Thursday, April 30, 2009

Magic Words


So, what’s the deal with dogs in cars? The words “Wanna go for a RIDE?” will get most any canine pal jumping loop-d-loops or running in excited circles, maybe even peeing on the floor (fortunately my dogs don’t do that.) Dogs are absolutely ga-ga about tagging along with us wherever we need to go.

What’s up with that?

I mean, I’m a dog-lover of the highest magnitude and my respect for the creatures knows no bounds, but believe me, my company when I’m driving a car is not something you’d want to wet the floor over.

Last weekend I saw a forlorn-looking four-legged, waiting in an old Karmann Ghia while his owner shopped at a local Saturday Farmers’ Market. The picture speaks volumes about the way dogs feel toward their humans. I hope we’re even a little bit worthy of such high esteem.

Tuesday, April 28, 2009

Springtime Light


I see the light and the color and I just have to stop and look. I sense that the critters around here feel the same way.

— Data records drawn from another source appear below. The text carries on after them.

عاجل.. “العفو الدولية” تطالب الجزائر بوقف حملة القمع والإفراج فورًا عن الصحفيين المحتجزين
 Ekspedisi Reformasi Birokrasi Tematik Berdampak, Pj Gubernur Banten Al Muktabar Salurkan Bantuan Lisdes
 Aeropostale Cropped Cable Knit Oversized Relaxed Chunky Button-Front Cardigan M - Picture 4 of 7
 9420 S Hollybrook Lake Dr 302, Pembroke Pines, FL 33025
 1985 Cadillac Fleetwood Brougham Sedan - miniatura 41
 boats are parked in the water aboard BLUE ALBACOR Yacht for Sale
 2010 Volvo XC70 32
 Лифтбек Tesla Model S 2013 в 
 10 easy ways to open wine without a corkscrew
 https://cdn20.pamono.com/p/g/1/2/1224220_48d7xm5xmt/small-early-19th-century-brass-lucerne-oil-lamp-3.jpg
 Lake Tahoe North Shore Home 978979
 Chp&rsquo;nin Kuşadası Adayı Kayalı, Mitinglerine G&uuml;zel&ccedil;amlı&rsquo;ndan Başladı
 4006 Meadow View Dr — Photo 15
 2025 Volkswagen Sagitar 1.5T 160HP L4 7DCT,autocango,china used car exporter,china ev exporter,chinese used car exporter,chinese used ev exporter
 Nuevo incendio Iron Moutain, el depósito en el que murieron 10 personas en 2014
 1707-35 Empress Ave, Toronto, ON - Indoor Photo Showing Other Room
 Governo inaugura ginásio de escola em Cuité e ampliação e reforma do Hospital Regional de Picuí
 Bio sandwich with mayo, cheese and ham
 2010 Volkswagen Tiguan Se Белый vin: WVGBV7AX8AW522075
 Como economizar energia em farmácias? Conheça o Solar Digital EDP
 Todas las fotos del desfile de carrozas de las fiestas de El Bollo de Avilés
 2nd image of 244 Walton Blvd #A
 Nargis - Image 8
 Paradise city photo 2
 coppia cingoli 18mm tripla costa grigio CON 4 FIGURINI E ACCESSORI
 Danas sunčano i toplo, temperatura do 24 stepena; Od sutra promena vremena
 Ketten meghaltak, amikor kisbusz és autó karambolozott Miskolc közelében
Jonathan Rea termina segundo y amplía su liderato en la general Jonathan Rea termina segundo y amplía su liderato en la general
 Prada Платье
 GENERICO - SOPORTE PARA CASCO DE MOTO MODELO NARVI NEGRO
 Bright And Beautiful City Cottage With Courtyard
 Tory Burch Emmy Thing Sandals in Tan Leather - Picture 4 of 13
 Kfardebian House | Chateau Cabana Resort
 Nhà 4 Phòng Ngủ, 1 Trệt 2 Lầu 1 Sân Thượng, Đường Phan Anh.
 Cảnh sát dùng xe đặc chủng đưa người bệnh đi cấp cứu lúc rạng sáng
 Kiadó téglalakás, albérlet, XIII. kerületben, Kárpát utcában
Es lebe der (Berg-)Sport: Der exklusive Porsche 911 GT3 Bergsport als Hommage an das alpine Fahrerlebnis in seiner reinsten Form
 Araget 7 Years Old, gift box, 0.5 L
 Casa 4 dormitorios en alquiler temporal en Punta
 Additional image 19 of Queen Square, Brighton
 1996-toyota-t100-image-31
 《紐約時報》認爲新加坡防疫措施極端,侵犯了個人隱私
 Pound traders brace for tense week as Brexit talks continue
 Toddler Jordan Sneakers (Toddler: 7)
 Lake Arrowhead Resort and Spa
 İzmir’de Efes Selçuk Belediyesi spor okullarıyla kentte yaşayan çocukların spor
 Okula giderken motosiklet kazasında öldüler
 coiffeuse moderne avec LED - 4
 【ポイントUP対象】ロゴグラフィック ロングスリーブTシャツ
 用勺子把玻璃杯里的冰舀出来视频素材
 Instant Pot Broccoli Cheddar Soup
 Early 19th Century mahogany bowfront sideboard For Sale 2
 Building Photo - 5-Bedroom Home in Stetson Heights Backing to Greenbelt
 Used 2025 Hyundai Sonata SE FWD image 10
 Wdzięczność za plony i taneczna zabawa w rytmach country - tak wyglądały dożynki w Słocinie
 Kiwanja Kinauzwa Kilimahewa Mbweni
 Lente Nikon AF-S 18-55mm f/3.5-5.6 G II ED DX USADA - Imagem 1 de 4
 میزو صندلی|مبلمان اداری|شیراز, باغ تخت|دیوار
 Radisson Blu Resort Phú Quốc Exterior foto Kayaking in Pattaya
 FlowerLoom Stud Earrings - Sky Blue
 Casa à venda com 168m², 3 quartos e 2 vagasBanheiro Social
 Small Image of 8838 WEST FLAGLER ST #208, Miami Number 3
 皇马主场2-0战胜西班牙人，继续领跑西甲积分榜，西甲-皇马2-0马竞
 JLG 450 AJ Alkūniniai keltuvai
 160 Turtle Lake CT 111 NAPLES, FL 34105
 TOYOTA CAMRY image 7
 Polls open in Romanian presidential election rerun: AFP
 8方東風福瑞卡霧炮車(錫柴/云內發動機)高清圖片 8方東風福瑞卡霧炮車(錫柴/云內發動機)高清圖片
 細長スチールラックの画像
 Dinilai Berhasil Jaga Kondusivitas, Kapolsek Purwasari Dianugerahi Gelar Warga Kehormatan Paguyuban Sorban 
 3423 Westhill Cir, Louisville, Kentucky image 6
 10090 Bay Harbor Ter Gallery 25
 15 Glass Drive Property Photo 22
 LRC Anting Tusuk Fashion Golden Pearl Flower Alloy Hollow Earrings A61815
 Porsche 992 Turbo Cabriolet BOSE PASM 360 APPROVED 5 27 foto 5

I’m out walking the dog in the morning and we are visiting with the horses in a nearby pasture. Or I’m heading to the barn to feed the sheep in the evening. Those times at the beginning or the end of the day can be moments of big-time magic. Angular sunshine skitters across grass that’s neon-green in its springtime newness, and it’s really something to see.

We stop and look.


Friday, April 24, 2009

Why?


Every once in a while one of my photographer friends will ask me -- fairly pointedly, I might add: “Why do you do that blog-thing?” I guess my friends think the doing of this must be time-consuming (it’s not, I tell them,) and my friends also hint that there’s something a little weird about putting oneself and one’s personal (non-professional) work out there, in public, on the freaking worldwide Web, fer god’s sake.

My friends are correct on that second point: Going public like this is weird, and I’ve given a fair amount of thought to the question: “Why Do I Do This?”

I have two answers:

--As a photographer, I began these posts over two years ago thinking it would be a worthy thing to do a blog that talked about the creative process, rather than cameras and lenses.
--As a human being who lives in a rural area but understands that most folks now live in cities, I thought I could sometimes share pictures and thoughts about farm animals and gardens and other earth-based stuff I see outside my front door.

This week I seem to be seeing, uh, eyes:
-- There’s a white horse who’s been brought to pasture just down the lane from our house, and he’s got the most amazing eyes. I’m told they’re called ghost-eyes.
--As always, our cat, Basil, invariably winds up in some of my home diary pictures.

Of course I didn’t intentionally seek-out these two, circularly similar pictures; it was absolute coincidence that they presented themselves in the same week. Then again, I suppose it’s possible that the mice spinning the wheels inside this photographer’s brain decided “This week, let’s do CIRCLES!”

Maybe my photographer friends and I should get together and discuss MICE!

Tuesday, April 21, 2009

Pushing Buttons


A number of years ago a big topic of debate among photographers was Film vs. Digital. The debate struck me as a kind of distraction, an issue that was beside the point of how good images get made.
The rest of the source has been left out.